Please note that I am currently using Kubernetes 1.20.1. Not sure if that has any impact on the current version of Velero or the vSphere plugin.

Thanks!

deepakkinni commented 3 years ago

Delete the vsl-vsphere, try the command without specifying the vsl-vsphere

Elegant996 commented 3 years ago

Please note that I did, this was the command executed: velero backup create default-snap-backup3 --include-namespaces=harbor-system --snapshot-volumes

deepakkinni commented 3 years ago

kubectl delete volumesnapshotlocation.velero.io -n <velero-namespace> vsl-vsphere Did you delete the vsl-vsphere?

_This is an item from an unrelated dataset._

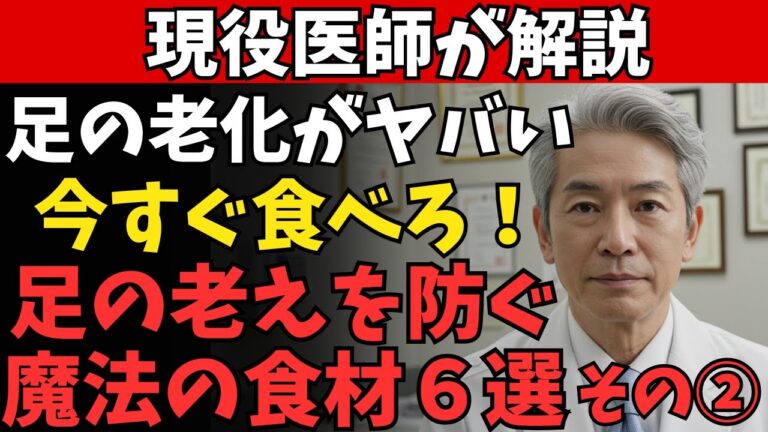 【第２弾】足腰が若返る！？医師が毎日食べている6つの食材【老後・老後の危険・老後問題・老後対策・安心な老後・老化・老化予防・老化対策・高齢者・シニア世代・介護・要介護・若返り・長生き・長寿・健康】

Elegant996 commented 3 years ago

Yes, we just uninstalled the vSphere plugin with its associated CRDs and deleted the entire velero namespace to be sure. The setup was redeployed using the below Helm chart values with no improvement (same error as above):

##
## Configuration settings that directly affect the Velero deployment YAML.
##

# Details of the container image to use in the Velero deployment & daemonset (if
# enabling restic). Required.
image:
  repository: velero/velero
  tag: v1.5.2
  # Digest value example: sha256:d238835e151cec91c6a811fe3a89a66d3231d9f64d09e5f3c49552672d271f38. If used, it will
  # take precedence over the image.tag.
  # digest:
  pullPolicy: IfNotPresent
  # One or more secrets to be used when pulling images
  imagePullSecrets: []
  # - registrySecretName

# Annotations to add to the Velero deployment's pod template. Optional.
#
# If using kube2iam or kiam, use the following annotation with your AWS_ACCOUNT_ID
# and VELERO_ROLE_NAME filled in:
podAnnotations: {}
  #  iam.amazonaws.com/role: "arn:aws:iam::<AWS_ACCOUNT_ID>:role/<VELERO_ROLE_NAME>"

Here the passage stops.